YOUR SOLIN GENERATED RECIPE
Sautéed lean beef simmered in a savory ginger-garlic sauce, served over warm brown rice with crisp, vibrant vegetables for a satisfying crunch.
INGREDIENTS
7 oz Ground beef (93% lean)
0.5 cup Cooked brown rice
1 cup Baby spinach
0.25 cup Shredded carrots
0.25 cup Sliced cucumber
2 tbsp Coconut aminos
1 tsp Toasted sesame oil
1 tsp Fresh ginger
1 clove Garlic
1 tsp Sesame seeds
1 stalk Green onion
0.25 tsp Sea salt
0.25 tsp Black pepper
PREPARATION
Prepare the brown rice according to the package directions until tender.
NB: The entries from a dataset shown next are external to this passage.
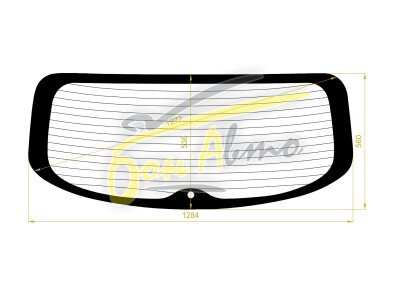 Стекло заднее с обогревом HYUNDAI SANTA FE 2006-2012 (CM) 1 отверстие 
Бренд: BSG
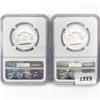 Image 2 : (2) Franklin Silver Half Dollar NGC PF67 1958-1959
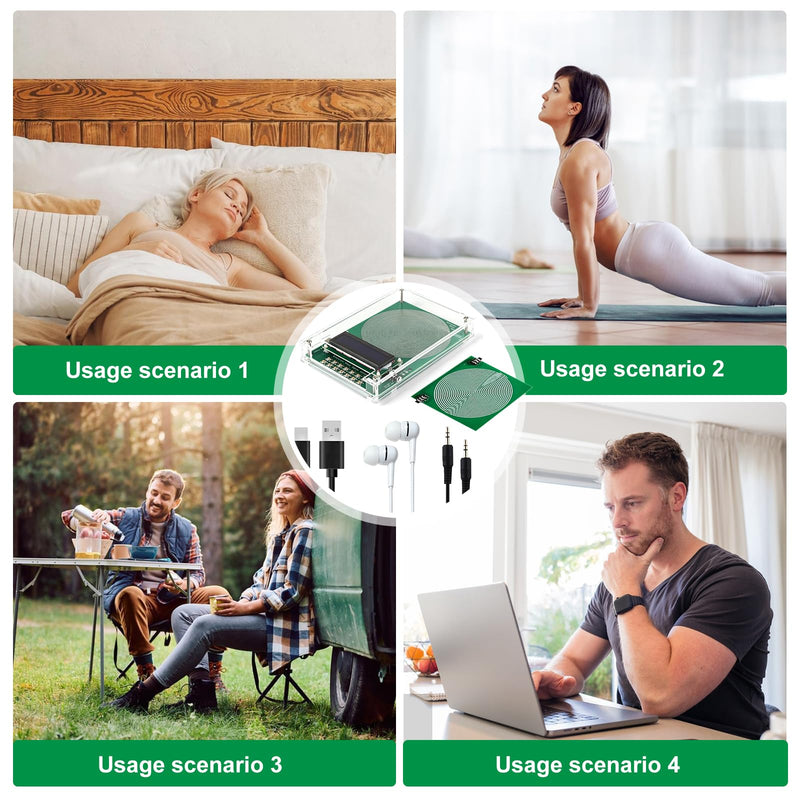 Frequency Generator 7.83 Hz with Display, 0.1 Hz to 99999 Hz Portable Wave Generator for Home and Office Adjustable Frequency Generators for Relaxation, Sleep and Concentration in Everyday Life
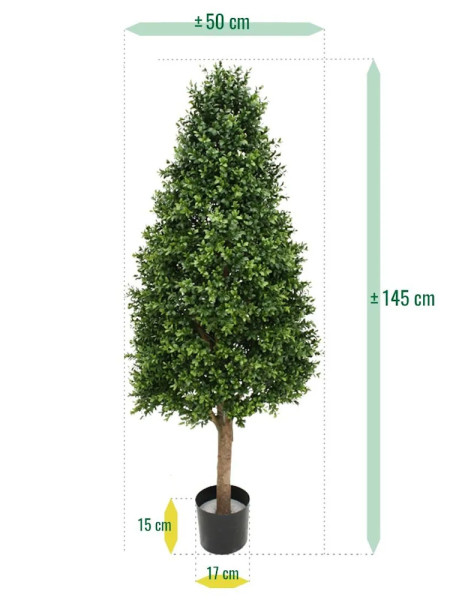 Artificial Boxwood Tower Tree Pyramid H140cm NKoop DP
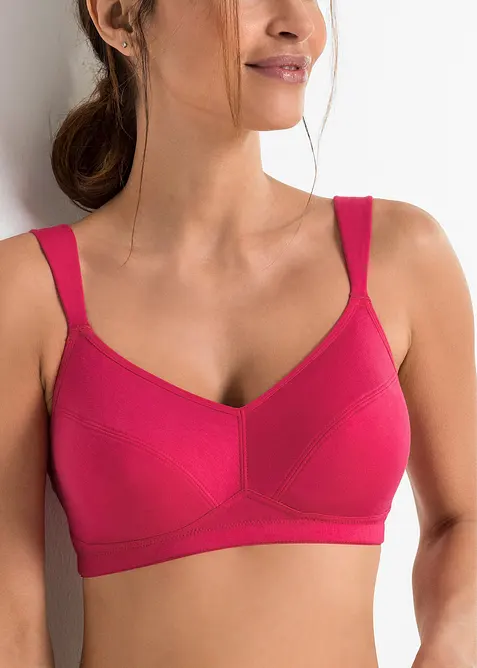 BH ohne B&uuml;gel mit Bio-Baumwolle (2er Pack), bonprix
Heat a large skillet over medium-high heat and add the ground beef, breaking it apart with a spatula.
Season the beef with sea salt and black pepper, cooking until it is browned and no longer pink.
Add the minced garlic and grated ginger to the skillet, sautéing for 60 seconds until the aroma fills the kitchen.
Pour in the coconut aminos and toasted sesame oil, stirring constantly to glaze the beef in the savory sauce.
Quickly steam or sauté the baby spinach until it just begins to wilt.
Divide the cooked brown rice into bowls and top with the bulgogi beef and wilted spinach.
Add the shredded carrots and sliced cucumbers to the bowl for a fresh contrast.
Sprinkle with sesame seeds and sliced green onions to finish.